Há alguns anos atrás li um livro, cujo autor e editora não recordo os nomes, com o título “Marxismo e Ambiente”. Aquele livro despertou-me, na altura, para uma temática deveras importante. Tão importante quanto nova para o meu raciocínio, na altura, o de um marxista incipiente.

O ambiente, em senso lato, é toda o meio envolvente ao Ser Humano. No tratamento que aqui lhe vamos dar, o ambiente é apenas toda a Natureza que nos rodeia, por nós influenciada e que sobre nós influi, mas que existe sem ter sido concebida pelo Ser Humano. Num entendimento mais estrito, trataremos o Ambiente essencialmente enquanto o conjunto dos recursos naturais que servem de sustento ao desenvolvimento das espécies vivas que habitam em regimes ecológicos interdependentes o planeta.
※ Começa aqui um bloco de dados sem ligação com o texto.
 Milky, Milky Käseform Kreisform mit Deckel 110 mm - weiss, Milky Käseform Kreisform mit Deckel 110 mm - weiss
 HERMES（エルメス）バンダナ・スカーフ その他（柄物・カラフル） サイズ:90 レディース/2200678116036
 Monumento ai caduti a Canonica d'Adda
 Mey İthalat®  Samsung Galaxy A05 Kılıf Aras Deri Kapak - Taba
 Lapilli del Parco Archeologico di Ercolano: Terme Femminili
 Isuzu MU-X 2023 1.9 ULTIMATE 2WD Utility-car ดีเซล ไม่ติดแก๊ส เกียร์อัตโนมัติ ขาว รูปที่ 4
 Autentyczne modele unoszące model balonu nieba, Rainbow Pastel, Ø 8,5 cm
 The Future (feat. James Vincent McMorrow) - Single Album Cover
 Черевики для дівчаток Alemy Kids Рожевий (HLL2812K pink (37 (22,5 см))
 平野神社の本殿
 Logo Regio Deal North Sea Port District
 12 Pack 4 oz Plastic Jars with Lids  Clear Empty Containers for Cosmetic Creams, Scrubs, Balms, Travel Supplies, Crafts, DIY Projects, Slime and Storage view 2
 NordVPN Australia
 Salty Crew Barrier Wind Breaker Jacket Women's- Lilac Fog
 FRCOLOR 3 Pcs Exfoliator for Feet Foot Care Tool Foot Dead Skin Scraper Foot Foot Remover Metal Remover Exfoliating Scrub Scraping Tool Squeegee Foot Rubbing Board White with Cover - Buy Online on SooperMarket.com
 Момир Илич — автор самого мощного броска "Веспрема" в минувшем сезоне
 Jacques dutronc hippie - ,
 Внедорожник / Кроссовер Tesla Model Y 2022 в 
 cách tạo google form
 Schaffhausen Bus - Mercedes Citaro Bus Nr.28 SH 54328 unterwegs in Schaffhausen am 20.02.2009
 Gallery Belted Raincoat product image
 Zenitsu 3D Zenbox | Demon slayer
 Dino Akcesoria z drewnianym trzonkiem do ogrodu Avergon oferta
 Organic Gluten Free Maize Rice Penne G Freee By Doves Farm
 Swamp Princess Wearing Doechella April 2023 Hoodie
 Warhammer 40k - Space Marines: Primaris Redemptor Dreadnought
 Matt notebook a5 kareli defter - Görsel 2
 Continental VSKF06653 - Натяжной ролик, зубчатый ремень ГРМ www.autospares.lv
O marxismo e a prática económica que lhe subjaz são caracterizados, entre outros, por dois vectores paralelos:
1. o da utilização da economia ao serviço do conjunto dos Seres Humanos que intervêm na produção;
2. o da justa distribuição da riqueza ao invés da concentração e cumulação do lucro.

Quando nos defrontamos com a grande maioria dos casos de delapidação ou destruição ambiental actual, encontramos em larga escala uma relação directa entre eles e a exploração dos recursos naturais. Os grandes responsáveis pela degradação ambiental não são as populações, mas sim as grandes indústrias, quer sejam as extractivas, quer sejam as transformadoras e mesmo à agricultura intensiva. As grandes questões ambientais, desde o aquecimento global, à destruição das florestas tropicais sul-americanas, africanas e asiáticas estão intimamente ligadas à actividade do capital, na sua senda de auto-reprodução capitalista por via da exploração do Homem e da Natureza.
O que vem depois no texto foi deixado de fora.